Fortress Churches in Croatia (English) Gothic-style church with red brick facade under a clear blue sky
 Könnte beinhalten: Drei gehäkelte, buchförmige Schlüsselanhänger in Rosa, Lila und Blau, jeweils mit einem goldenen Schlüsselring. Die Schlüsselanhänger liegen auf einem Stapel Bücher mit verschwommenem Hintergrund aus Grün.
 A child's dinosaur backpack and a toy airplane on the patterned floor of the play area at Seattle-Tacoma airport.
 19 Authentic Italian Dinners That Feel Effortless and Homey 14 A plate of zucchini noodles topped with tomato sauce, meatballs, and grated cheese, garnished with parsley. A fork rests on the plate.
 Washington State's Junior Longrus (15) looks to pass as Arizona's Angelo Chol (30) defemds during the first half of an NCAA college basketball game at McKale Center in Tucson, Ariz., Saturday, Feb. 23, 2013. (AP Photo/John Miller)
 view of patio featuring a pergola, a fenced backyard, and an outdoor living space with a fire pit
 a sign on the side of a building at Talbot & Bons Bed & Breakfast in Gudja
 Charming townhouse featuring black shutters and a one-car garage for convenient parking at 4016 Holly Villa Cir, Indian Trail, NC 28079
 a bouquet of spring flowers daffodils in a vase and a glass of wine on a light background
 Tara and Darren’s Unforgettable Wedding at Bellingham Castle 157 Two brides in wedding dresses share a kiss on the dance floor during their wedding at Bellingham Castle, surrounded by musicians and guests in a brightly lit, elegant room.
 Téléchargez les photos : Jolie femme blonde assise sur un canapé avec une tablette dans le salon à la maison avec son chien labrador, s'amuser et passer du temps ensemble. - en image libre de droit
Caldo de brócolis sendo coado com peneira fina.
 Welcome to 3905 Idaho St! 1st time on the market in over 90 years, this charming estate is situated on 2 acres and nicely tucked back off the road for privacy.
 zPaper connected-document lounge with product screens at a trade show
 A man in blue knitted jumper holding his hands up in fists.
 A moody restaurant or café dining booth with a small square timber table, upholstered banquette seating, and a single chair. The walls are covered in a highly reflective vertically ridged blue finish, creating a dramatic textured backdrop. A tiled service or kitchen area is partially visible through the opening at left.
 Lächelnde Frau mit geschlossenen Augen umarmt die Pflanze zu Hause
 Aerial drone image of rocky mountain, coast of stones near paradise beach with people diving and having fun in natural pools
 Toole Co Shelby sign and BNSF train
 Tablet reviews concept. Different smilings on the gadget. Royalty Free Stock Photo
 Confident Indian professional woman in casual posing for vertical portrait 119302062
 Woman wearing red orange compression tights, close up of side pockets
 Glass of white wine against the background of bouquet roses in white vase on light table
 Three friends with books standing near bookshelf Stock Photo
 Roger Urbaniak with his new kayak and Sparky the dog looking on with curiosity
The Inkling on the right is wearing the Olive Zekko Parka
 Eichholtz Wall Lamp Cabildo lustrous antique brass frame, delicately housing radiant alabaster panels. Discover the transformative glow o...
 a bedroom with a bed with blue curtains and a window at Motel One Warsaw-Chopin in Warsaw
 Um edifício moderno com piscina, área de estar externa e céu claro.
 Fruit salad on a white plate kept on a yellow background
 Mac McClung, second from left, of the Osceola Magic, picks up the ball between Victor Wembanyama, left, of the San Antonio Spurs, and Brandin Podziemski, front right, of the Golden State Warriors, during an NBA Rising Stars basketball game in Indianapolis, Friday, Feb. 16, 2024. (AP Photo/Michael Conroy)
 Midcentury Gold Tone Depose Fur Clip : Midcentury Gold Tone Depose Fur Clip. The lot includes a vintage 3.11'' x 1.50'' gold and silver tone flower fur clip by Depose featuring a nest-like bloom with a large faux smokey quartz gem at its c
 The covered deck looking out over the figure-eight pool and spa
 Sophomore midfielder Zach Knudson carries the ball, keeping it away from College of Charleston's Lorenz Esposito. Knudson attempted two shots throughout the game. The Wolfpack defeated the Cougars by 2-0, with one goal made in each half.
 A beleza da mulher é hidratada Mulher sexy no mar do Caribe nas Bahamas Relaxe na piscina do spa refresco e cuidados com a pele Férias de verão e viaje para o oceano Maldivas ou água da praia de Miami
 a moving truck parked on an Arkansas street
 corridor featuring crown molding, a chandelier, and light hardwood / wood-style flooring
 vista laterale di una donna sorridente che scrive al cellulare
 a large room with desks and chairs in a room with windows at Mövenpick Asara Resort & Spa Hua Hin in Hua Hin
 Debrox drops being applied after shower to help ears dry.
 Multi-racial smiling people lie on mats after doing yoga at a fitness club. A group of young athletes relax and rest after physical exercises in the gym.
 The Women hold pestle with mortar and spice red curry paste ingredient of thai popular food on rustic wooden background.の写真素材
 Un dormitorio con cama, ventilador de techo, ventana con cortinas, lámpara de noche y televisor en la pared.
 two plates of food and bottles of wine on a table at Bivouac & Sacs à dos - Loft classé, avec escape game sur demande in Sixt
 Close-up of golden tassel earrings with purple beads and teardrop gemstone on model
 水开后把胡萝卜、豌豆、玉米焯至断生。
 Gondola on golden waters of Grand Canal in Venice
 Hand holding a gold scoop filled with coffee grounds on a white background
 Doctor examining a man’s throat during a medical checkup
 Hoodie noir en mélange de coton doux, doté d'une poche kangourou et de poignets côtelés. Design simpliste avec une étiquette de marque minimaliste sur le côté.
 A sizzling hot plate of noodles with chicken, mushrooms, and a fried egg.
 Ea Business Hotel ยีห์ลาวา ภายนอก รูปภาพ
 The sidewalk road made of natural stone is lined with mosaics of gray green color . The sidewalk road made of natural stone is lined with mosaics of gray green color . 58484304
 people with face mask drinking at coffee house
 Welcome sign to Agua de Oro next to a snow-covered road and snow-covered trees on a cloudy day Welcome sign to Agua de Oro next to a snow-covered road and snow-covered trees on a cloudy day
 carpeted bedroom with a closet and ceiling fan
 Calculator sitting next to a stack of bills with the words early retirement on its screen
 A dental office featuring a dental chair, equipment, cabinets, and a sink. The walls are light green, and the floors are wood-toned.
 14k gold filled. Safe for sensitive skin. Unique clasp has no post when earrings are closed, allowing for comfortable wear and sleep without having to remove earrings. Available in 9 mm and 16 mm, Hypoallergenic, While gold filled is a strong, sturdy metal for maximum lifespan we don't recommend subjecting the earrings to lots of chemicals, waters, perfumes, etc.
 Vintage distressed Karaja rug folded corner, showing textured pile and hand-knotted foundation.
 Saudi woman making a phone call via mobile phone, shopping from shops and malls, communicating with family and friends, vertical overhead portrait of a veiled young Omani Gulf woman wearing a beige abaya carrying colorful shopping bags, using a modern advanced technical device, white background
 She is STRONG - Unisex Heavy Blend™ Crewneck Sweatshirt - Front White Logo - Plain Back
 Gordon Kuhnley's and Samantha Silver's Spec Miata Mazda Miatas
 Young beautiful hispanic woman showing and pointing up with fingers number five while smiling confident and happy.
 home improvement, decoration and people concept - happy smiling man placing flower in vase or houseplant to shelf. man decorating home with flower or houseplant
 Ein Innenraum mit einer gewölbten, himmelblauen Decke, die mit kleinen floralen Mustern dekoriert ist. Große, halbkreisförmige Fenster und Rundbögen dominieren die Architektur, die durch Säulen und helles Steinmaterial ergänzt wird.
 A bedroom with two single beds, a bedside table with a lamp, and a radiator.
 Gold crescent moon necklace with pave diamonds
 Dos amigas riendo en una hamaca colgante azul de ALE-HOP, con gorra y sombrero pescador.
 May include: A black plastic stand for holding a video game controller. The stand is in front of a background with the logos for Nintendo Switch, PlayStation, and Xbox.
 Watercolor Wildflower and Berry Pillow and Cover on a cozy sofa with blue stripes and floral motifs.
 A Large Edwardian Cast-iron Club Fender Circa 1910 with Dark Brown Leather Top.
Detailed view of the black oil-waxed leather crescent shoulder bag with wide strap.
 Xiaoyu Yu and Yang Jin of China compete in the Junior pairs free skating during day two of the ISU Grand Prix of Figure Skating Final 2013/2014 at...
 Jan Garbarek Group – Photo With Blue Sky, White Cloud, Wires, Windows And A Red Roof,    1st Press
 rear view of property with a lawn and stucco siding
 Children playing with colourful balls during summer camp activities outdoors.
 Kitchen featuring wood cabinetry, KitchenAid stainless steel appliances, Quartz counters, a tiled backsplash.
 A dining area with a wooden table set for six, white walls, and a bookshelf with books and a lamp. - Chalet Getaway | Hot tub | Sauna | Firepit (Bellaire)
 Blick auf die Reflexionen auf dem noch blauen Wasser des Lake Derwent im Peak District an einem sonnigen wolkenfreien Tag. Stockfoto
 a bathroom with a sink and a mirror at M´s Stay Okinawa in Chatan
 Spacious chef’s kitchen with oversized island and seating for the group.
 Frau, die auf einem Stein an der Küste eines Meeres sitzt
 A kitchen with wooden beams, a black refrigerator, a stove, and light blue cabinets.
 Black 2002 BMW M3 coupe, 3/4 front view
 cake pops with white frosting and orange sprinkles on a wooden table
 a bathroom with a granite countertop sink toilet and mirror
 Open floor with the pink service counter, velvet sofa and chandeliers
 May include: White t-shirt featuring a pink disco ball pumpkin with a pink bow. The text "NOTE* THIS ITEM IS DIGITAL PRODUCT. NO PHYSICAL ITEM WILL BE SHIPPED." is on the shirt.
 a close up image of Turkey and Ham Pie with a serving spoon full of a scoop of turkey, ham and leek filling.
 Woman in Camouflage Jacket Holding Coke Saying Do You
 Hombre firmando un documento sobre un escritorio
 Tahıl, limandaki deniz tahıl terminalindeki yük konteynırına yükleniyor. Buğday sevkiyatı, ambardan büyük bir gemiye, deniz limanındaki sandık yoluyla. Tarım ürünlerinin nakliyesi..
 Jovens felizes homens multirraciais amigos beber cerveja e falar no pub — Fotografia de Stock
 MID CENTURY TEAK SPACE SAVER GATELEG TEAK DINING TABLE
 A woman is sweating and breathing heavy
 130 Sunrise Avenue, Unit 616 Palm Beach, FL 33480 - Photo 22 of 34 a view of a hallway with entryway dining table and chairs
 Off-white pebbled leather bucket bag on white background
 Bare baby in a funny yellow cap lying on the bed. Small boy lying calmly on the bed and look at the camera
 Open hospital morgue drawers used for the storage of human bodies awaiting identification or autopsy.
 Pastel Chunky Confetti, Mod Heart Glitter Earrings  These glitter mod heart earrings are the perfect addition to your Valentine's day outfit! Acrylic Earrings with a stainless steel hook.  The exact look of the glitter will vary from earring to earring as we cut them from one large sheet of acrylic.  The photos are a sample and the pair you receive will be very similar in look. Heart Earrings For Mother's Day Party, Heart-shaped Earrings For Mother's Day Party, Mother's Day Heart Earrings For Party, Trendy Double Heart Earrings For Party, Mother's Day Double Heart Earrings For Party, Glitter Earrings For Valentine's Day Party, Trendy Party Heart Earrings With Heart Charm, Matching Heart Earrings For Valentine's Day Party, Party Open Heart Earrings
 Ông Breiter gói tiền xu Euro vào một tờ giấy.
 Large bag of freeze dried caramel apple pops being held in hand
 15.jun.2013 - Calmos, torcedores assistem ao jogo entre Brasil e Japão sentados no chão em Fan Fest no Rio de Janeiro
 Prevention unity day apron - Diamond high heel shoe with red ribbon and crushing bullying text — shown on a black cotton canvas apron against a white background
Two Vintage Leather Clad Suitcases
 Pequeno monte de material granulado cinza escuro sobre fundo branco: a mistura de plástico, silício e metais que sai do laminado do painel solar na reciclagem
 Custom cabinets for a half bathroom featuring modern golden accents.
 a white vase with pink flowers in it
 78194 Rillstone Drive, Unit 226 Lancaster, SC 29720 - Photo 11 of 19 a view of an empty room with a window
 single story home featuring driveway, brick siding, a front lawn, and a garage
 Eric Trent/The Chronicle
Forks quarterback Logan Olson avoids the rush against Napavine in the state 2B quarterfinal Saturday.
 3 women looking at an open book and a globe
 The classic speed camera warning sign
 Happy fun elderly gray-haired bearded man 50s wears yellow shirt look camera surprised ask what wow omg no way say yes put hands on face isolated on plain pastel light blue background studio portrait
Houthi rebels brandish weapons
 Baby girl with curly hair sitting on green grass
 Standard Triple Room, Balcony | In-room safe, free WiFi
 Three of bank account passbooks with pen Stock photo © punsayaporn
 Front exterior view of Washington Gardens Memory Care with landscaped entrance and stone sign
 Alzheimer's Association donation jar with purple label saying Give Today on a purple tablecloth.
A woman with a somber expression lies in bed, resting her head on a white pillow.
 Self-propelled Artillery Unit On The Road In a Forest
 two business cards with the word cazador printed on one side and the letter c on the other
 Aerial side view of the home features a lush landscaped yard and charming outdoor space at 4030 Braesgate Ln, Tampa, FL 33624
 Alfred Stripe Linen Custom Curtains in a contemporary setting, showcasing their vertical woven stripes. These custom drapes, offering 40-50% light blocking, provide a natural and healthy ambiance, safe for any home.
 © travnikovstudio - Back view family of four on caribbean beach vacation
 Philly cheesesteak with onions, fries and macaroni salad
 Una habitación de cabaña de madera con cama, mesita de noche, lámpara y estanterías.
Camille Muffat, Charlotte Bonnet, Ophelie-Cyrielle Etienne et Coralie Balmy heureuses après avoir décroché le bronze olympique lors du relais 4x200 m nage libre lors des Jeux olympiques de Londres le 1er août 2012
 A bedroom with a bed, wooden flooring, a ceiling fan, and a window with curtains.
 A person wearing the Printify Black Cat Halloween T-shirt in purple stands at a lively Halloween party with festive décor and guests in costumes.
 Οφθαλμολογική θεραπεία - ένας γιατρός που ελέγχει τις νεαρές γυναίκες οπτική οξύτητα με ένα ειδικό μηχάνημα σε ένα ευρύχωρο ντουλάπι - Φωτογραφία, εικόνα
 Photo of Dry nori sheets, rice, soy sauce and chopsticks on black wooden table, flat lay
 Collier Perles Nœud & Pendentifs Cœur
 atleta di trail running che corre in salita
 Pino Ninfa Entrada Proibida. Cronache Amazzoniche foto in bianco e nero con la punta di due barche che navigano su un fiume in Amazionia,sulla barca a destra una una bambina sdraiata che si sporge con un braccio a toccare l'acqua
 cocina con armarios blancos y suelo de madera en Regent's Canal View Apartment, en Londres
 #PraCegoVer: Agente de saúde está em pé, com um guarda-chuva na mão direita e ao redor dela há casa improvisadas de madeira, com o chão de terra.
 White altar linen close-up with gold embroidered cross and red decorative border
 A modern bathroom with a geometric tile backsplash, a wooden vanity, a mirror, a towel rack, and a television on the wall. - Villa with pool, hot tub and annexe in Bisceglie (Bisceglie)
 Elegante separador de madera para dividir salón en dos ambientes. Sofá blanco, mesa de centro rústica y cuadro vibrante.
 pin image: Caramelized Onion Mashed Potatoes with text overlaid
- - - - -
Set down only the lines above that fall between the line holding "May include: A" and the line holding "Kitchen featuring wood", inclusive, keeping each exact.

 May include: A black plastic stand for holding a video game controller. The stand is in front of a background with the logos for Nintendo Switch, PlayStation, and Xbox.
 Watercolor Wildflower and Berry Pillow and Cover on a cozy sofa with blue stripes and floral motifs.
 A Large Edwardian Cast-iron Club Fender Circa 1910 with Dark Brown Leather Top.
Detailed view of the black oil-waxed leather crescent shoulder bag with wide strap.
 Xiaoyu Yu and Yang Jin of China compete in the Junior pairs free skating during day two of the ISU Grand Prix of Figure Skating Final 2013/2014 at...
 Jan Garbarek Group – Photo With Blue Sky, White Cloud, Wires, Windows And A Red Roof,    1st Press
 rear view of property with a lawn and stucco siding
 Children playing with colourful balls during summer camp activities outdoors.
 Kitchen featuring wood cabinetry, KitchenAid stainless steel appliances, Quartz counters, a tiled backsplash.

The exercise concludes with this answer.